Still, with all of that I feel deserving. I feel worthwhile. I root for me. I’m just so frustrated being a party of one in my fan club. Because my struggles are social, I need some cooperation from others or I’m still alone asking the internet “why?”.
And I know how this must look and how exhausting it must be to read, but it’s all I’ve got.
Gail Brenner says
Hi Samuel,
The answer to your questions lies in the spiritual understanding that who we truly are is not our thoughts, our history, our personality, body, appearance, gender, etc. These forms that we inhabit are by nature imperfect, and if we identify only as them, we are bound to suffer. I hear the comparison in the thoughts that visit you, with “you” coming up somehow lacking. In the world of this and that, good and bad, there are never winners.
But something in you is in touch with the deeper understanding. In spite of your personal challenges, something else is shining through, and this is the light of your true nature. It’s the aliveness, free of the contraction of thinking you’re a human in a body, that is at the source of everyone and everything. It’s where all forms dissolve giving space for the essential beauty of life to shine through. It’s what is looking out from behind your eyes, meeting itself everywhere.
Go beyond your personal story/beliefs and connect deeply with the loving presence of this moment. It’s the treasure that’s always here.
Samuel says
Yes, I’m replying to myself. I want to amend my comment above a bit. Years ago I realized that accepting my thoughts and emotions, or in the case of this post my beliefs, and looking “at them rather than through them” resonated with me and that this approach would be helpful. I do it in fits and starts, but then I get stuck in my thoughts and I kind of purge myself, as in the comment above. So……
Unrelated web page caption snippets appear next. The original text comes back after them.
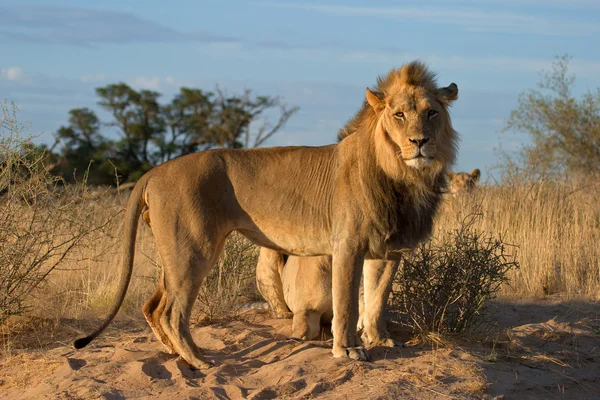 stock image African lions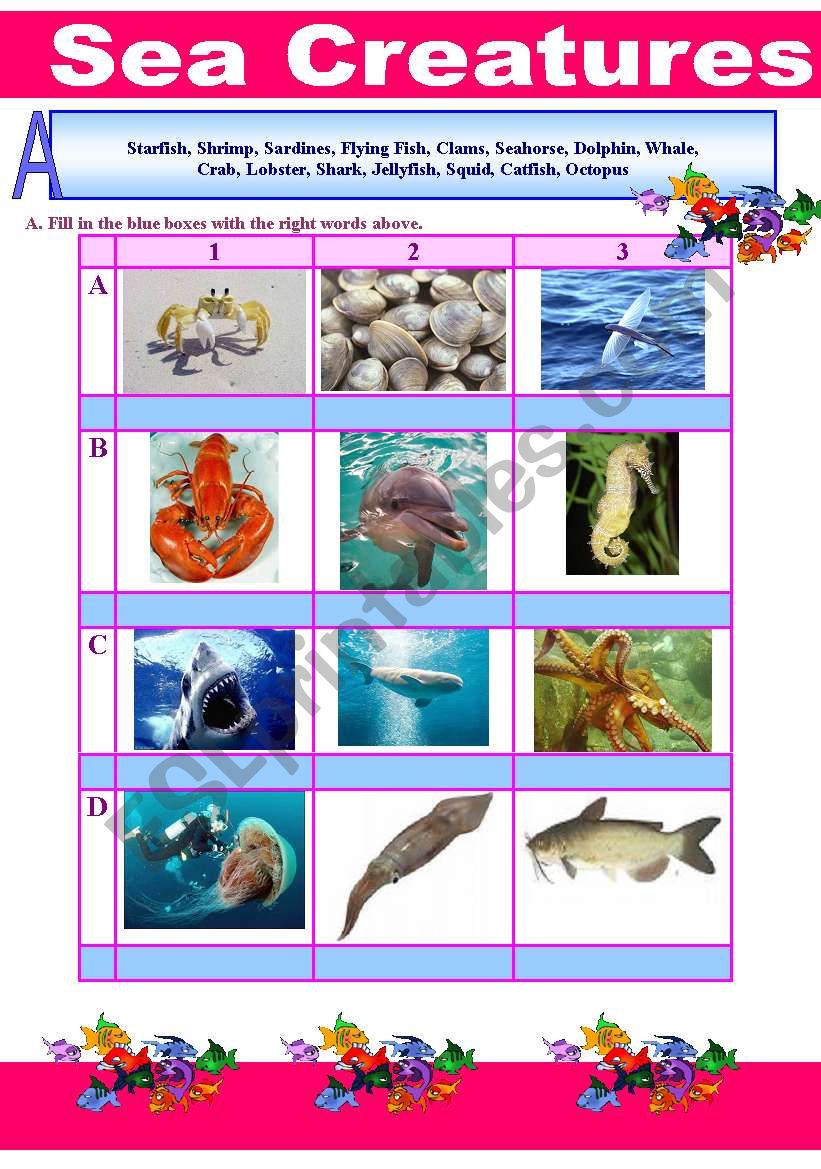 Sea Creatures worksheet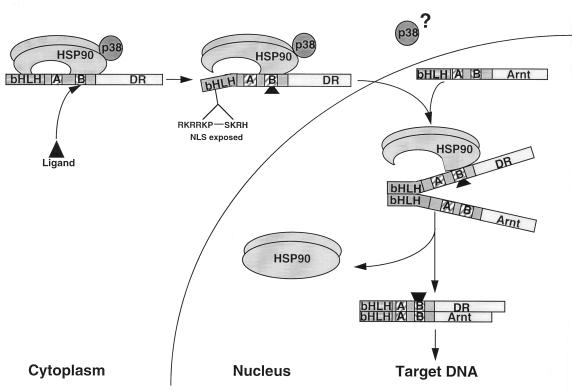 FIG. 8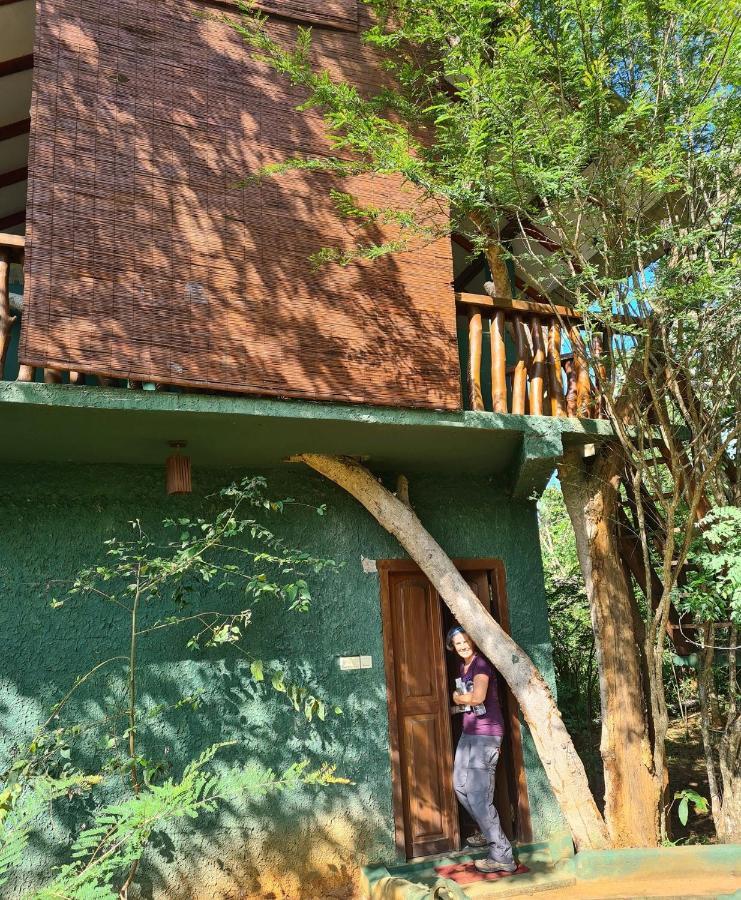 Sigiri Holiday Villa Sigiriya Exteriör bild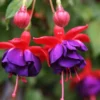 50 Seeds Purple Red Fuchsia Seeds Potted Flowers Seeds,Bonsai Seeds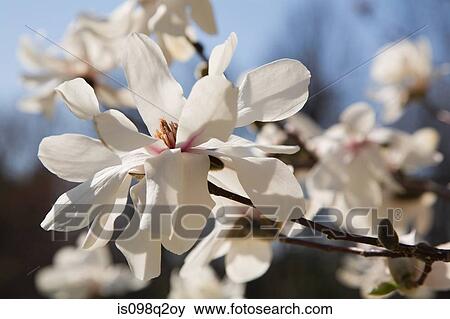 Blossom on a tree View Large Photo Image Stock Photo - Blossom on a tree. Fotosearch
It is so difficult to not see the world through my thoughts. Thoughts that are full of judgment and interpretation and which seem to occur almost automatically in a well worn event>>emotion>>thought>>emotion>>thought>> pattern that sucks me in. Then I think about and judge and interpret that process and, well, I get overwhelmed.
Under all of that I so very much want to think my way out of this. I want to think of myself and the world in such a way that I can reliably avoid being hurt or disappointed or angered or envious. I want to think my way into a sort of immunity to those emotions, rather than living-feeling-observing-living, and so on.
I’ve been reading this blog a lot the past 24 hours, focusing on the posts about acceptance and observing emotions and thoughts without judgment or interpretation. There’s such a consistent message here, Gail, and you’ve worn me down 🙂 A lot of this is stuff I know but resist, but I just now saw how for me emotion means all the crap that has always followed it; the thinking and ruminating and judging and interpreting that are the real cause of messy pain and serve as anchors that hold me back and make me reluctant to risk experiencing all that again. I mean if that was the way it had to be, who would volunteer for that?
But in in reality emotions are just sensations that signal something to us, often by amplifying what we already know. When I let myself experience them, rather than fight them or plot against them, the pain they cause is pretty endurable.
There are a lot of gems here, Gail. Many are similar ideas but packaged just a bit differently and with an added tidbit or two, and when several are read, they really do chip away at a person’s resistance. And when I say they’re similar, that’s not a criticism. How many stories are there, really? You tell a few in a variety of ways that keeps them fresh and creates a kind of unity of idea and experience that’s impressive. I’m really trying to surrender to it. Thank you.